(Web page caption snippets)
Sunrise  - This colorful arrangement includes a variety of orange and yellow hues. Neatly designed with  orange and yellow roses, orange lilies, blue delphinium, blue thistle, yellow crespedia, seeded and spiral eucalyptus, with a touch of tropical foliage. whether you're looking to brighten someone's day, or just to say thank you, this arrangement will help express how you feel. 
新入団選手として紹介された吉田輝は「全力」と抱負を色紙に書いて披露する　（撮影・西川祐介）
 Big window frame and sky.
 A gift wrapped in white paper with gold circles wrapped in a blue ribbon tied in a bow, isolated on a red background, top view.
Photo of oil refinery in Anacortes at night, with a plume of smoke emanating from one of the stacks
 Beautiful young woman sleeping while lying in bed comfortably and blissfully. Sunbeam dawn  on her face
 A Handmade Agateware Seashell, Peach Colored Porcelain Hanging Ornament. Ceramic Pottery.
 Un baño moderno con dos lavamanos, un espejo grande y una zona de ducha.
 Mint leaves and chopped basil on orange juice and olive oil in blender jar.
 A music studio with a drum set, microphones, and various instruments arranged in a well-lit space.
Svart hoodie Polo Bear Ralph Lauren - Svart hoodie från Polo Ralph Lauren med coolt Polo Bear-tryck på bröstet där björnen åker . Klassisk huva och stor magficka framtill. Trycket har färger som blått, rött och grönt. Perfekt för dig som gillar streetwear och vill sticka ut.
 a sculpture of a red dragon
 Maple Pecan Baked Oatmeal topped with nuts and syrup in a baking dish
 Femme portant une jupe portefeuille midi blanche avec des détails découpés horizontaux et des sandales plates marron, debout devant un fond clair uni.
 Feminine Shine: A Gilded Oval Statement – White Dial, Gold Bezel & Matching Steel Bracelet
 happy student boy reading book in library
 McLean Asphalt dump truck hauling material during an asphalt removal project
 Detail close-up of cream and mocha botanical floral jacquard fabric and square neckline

• _WHAT YOU SHOULD DO_
Filter the records for the string "blue" and copy every line that holds it.

• _PROBLEM SOLUTION_
Sunrise  - This colorful arrangement includes a variety of orange and yellow hues. Neatly designed with  orange and yellow roses, orange lilies, blue delphinium, blue thistle, yellow crespedia, seeded and spiral eucalyptus, with a touch of tropical foliage. whether you're looking to brighten someone's day, or just to say thank you, this arrangement will help express how you feel. 
 A gift wrapped in white paper with gold circles wrapped in a blue ribbon tied in a bow, isolated on a red background, top view.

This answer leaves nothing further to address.